Note: When using the
RecentPDBdataset, all the metrics above are computed in a two-stage manner: a within-cluster average over pocket-chaincluster_id, followed by an across-cluster average. -
Framework-aligned CDR-H3 loop backbone RMSD metrics (antibody CDR-H3 quality)
cdr_h3_bb_avg_rmsd: mean CDR-H3 backbone RMSD across all antibody heavy chains.cdr_h3_bb_rmsd_sr: success rate under the CDR-H3 RMSD threshold (1.0 Å by default).

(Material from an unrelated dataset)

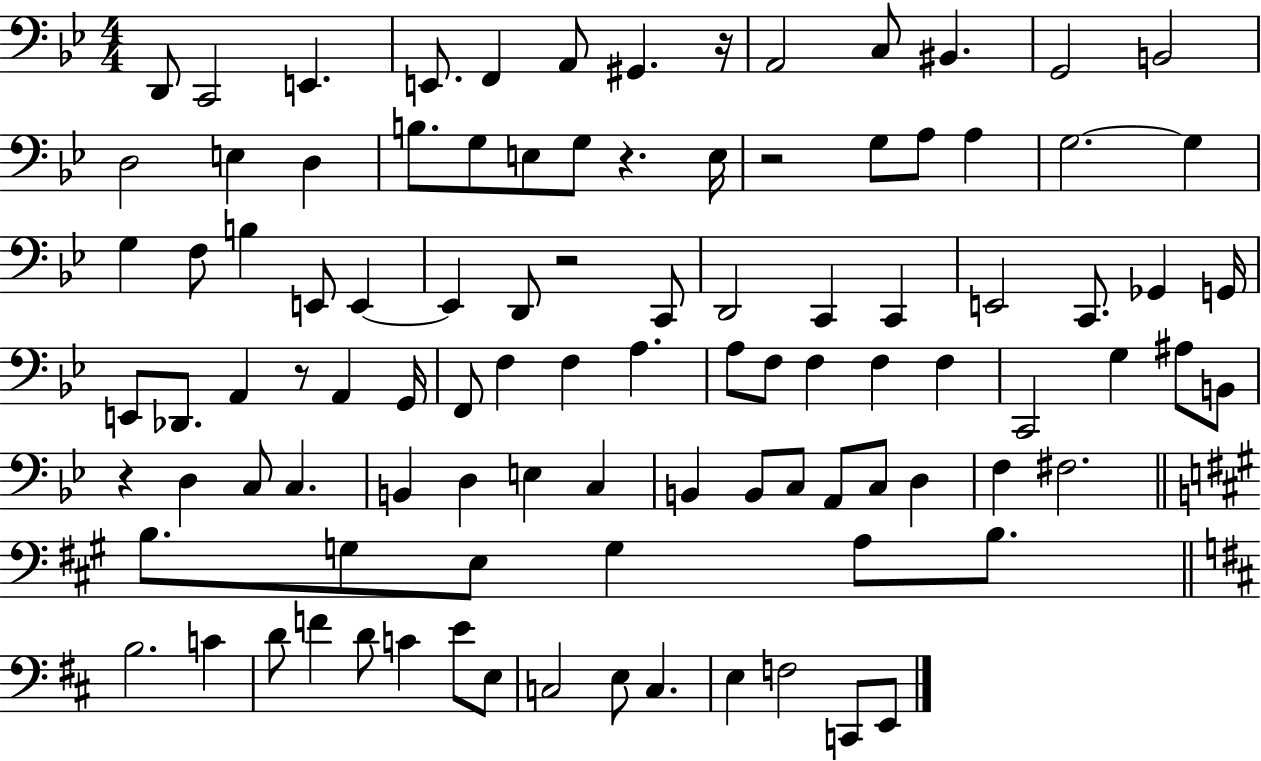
D2/e C2/h E2/q. E2/e. F2/q A2/e G#2/q. R/s A2/h C3/e BIS2/q. G2/h B2/h D3/h E3/q D3/q B3/e. G3/e E3/e G3/e R/q. E3/s R/h G3/e A3/e A3/q G3/h. G3/q G3/q F3/e B3/q E2/e E2/q E2/q D2/e R/h C2/e D2/h C2/q C2/q E2/h C2/e. Gb2/q G2/s E2/e Db2/e. A2/q R/e A2/q G2/s F2/e F3/q F3/q A3/q. A3/e F3/e F3/q F3/q F3/q C2/h G3/q A#3/e B2/e R/q D3/q C3/e C3/q. B2/q D3/q E3/q C3/q B2/q B2/e C3/e A2/e C3/e D3/q F3/q F#3/h. B3/e. G3/e E3/e G3/q A3/e B3/e. B3/h. C4/q D4/e F4/q D4/e C4/q E4/e E3/e C3/h E3/e C3/q. E3/q F3/h C2/e E2/e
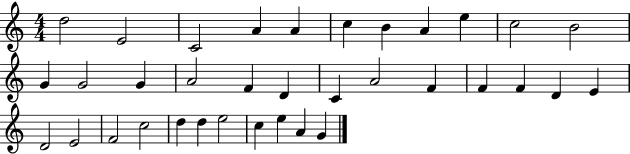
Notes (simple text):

D5/h E4/h C4/h A4/q A4/q C5/q B4/q A4/q E5/q C5/h B4/h G4/q G4/h G4/q A4/h F4/q D4/q C4/q A4/h F4/q F4/q F4/q D4/q E4/q D4/h E4/h F4/h C5/h D5/q D5/q E5/h C5/q E5/q A4/q G4/q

Note: Unlike other metrics in RecentPDB, this metric is aggregated by
{entry_id}_{entity_id_1}instead of sequence clusters. The averages and success rates are computed first within each{entry_id}_{entity_id_1}group, and then averaged across all groups.This metric is computed when
calc_cdr_h3_bb_rmsdis enabled in the configuration.
For each metric type, multiple rankers are reported:
- Generic rankers such as
best,worst,rand, andmedianselect a single sample per case using the target metric. - Model-specific rankers (e.g.,
best.<score_name>orbest.<score_name>.penalized) use internal model scores as selectors, allowing you to compare how well a model's own ranking correlates with the external evaluation metrics.
The *_details.csv files expose the per-case fields (seed, sample, entry_id, chain_id_1, chain_id_2, cluster_id, etc.), so that you can reconstruct or further analyze any specific example reported in the summary tables.